Vroeger waren er van die kleine hobbels op de weg. Dingen die even lastig waren, maar waar ik vrij moeiteloos overheen stapte. Een plotse wijziging in plannen, een drukke winkel, een onverwacht telefoontje… Bumps in the road. Niet meer dan dat.
Maar nu lijken diezelfde bultjes uitgegroeid tot heuse bergen. Dingen waar ik vroeger nauwelijks bij stilstond, kunnen me nu compleet uit balans brengen. Mijn brein heeft minder rek, mijn lijf minder veerkracht.
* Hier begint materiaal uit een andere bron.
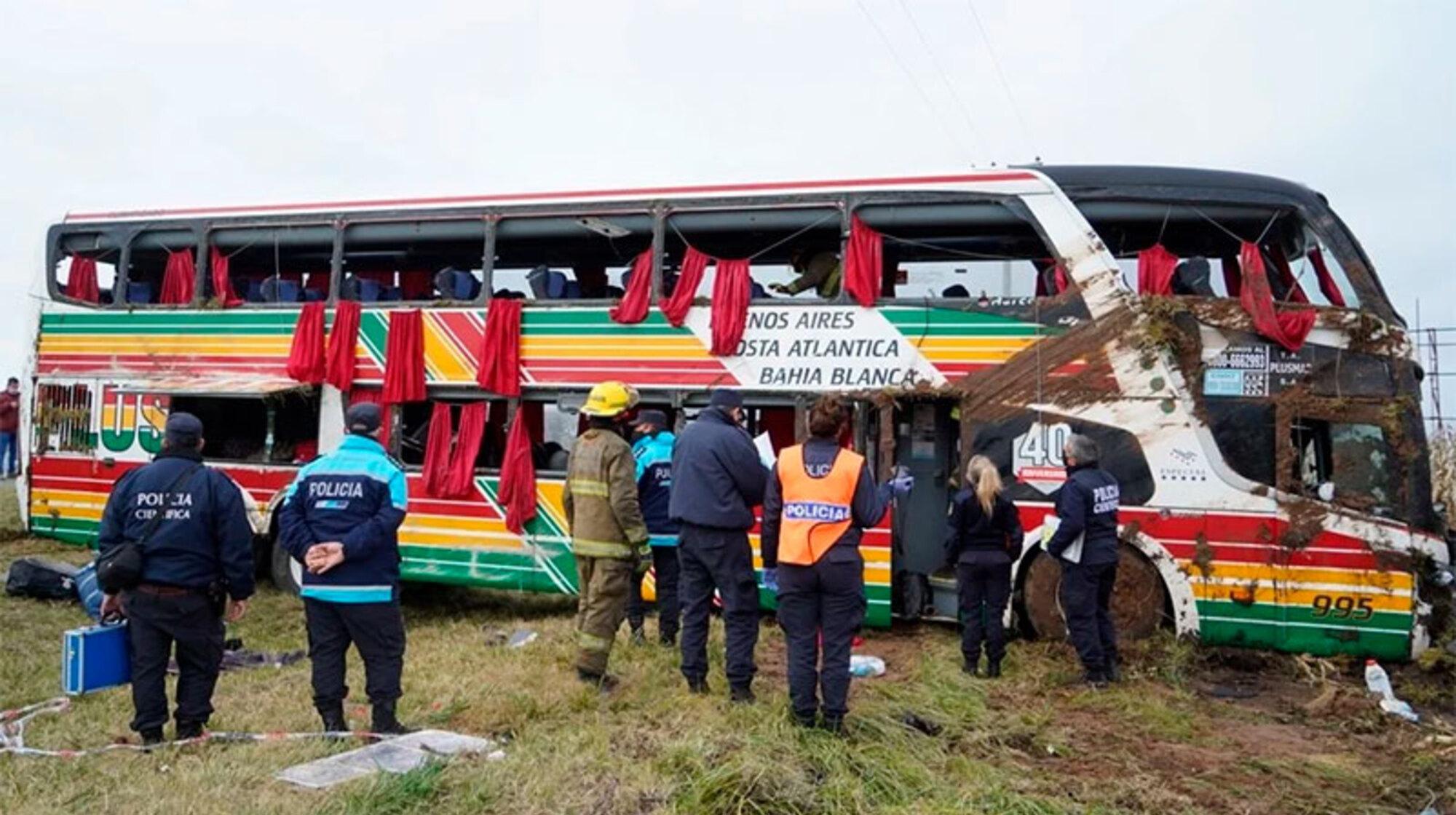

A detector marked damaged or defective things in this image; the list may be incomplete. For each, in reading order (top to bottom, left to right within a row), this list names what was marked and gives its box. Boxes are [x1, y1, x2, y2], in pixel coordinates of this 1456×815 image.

broken window [492, 215, 652, 301]
broken window [32, 384, 95, 454]
wrecked bus [25, 167, 1456, 664]
overturned double-decker bus [25, 167, 1456, 664]
broken window [1206, 399, 1275, 486]
broken window [1293, 419, 1392, 515]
Wat ooit een kleine aanpassing was, voelt nu als een klim met volle bepakking; zonder kaart, zonder gids en zonder zekerheid dat ik de top haal.
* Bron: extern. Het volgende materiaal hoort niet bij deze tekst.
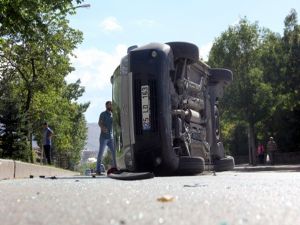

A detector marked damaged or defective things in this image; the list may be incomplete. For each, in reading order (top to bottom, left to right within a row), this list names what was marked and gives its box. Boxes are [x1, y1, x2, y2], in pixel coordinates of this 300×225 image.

overturned vehicle [110, 42, 234, 176]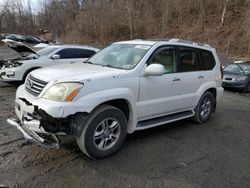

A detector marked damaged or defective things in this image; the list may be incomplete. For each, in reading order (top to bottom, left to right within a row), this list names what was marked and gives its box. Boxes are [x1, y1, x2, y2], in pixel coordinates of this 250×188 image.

broken headlight [42, 82, 83, 102]
exposed front bumper bracket [6, 117, 60, 148]
front end damage [7, 97, 87, 148]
Soms voelt het alsof ik onderweg ben op een bergtocht waarvoor ik me nooit heb kunnen voorbereiden. Geen geplande route, geen goed weerbericht. Alleen de volgende stap en hopen dat ik niet uitglijd.
Mezelf aanpassen kost meer moeite. Mijn tolerantie voor prikkels, drukte en onverwachte situaties is gewoon lager. En dat mag. Het blijft zoeken naar manieren om die bergen iets minder steil te maken of op z’n minst betere schoenen te vinden om de tocht aan te kunnen.
Soms moet ik gewoon even stoppen, op adem komen en mezelf de tijd gunnen. Want ook al lijkt de weg zwaarder, ik zet wél nog stappen. En dat blijft het belangrijkste.